“Carissimi, non è la mia parola quella che intendo proporvi, è la parola di papa Francesco: è l’omelia del giorno di Pasqua da lui preparata e letta dal card. Comastri; mi è sembrato giusto così, perché questo testo è come un testamento…”. Così il vescovo emerito mons. Alceste Catella ha voluto ricordare papa Francesco nella Messa cheta presieduto in Cattedrale mercoledì 23 in suffragio del Pontefice. Con lui una dozzina di sacerdoti. In chiesa erano tutti occupati i posti della navata centrale. C’erano anche rappresentanze dell’Arciconfraternita di Sant’Evasio, dell’Azione cattolica, dell’organizzazione Mato Grosso, che ha sistemato due pannelli davanti alla balaustra con la scritta “Grazie papa Francesco”.
Monsignor Catella ha presieduto la celebrazione perché il vescovo mons. Gianni Sacchi è a Lourdes alla guida del pellegrinaggio diocesano dell’Oftal. “Da lontano – ha detto mons Catella – sono in preghiera con noi il vescovo Gianni e i pellegrini casalesi”.
“Il nostro amato papa Francesco, dopo aver celebrato con noi la Pasqua del Signore Gesù Cristo crocifisso, morto e risorto, dopo averci tante volte annunciato che Dio è misericordia e tenerezza verso “tutti, tutti, tutti” e che in Cristo ha rivelato tutto il suo amore misericordioso, dopo averci tante volte tracciato il cammino della misericordia, ora, in cielo, contempla il volto benigno e misericordioso del Padre” ha detto mons. Catella.

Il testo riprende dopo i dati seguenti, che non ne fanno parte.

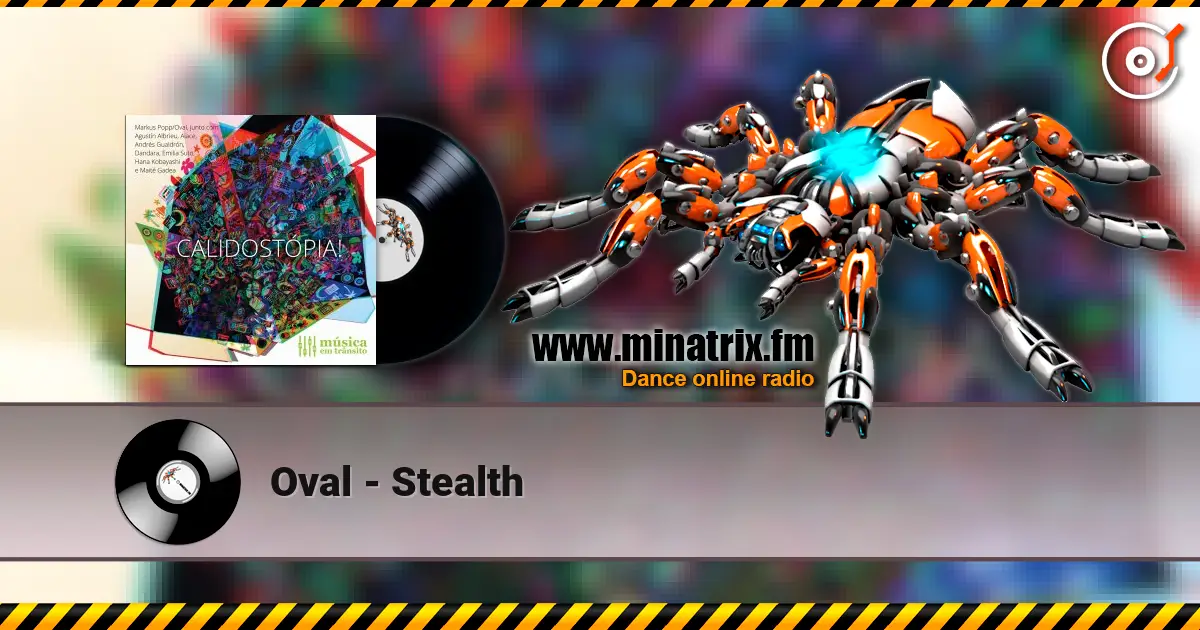 Oval - Stealth online in hoher Qualität hören | Minatrix.FM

Nelle preghiere di suffragio il Vescovo emerito ha compreso anche un suo predecessore, mons. Giuseppe Angrisani, che resse la Diocesi in tempi difficili (a partire dalla seconda Guerra mondiale) e di cui ricorre il 47° della morte.
Questo il testo dell’omelia letto da mons. Catella:
Maria di Magdala, vedendo che la pietra del sepolcro era stata rotolata via, si mise a correre per andare a dirlo a Pietro e Giovanni. Anche i due discepoli, ricevuta la sconvolgente notizia, uscirono e – dice il Vangelo – “correvano insieme tutti e due” (Gv 20,4). I protagonisti dei racconti della Pasqua corrono tutti! E questo “correre” esprime, da un lato, la preoccupazione che avessero portato via il corpo del Signore; ma, dall’altro, la corsa della Maddalena, di Pietro e di Giovanni dice il desiderio, la spinta del cuore, l’atteggiamento interiore di chi si mette alla ricerca di Gesù. Egli, infatti, è risorto dalla morte e perciò non si trova più nel sepolcro. Bisogna cercarlo altrove.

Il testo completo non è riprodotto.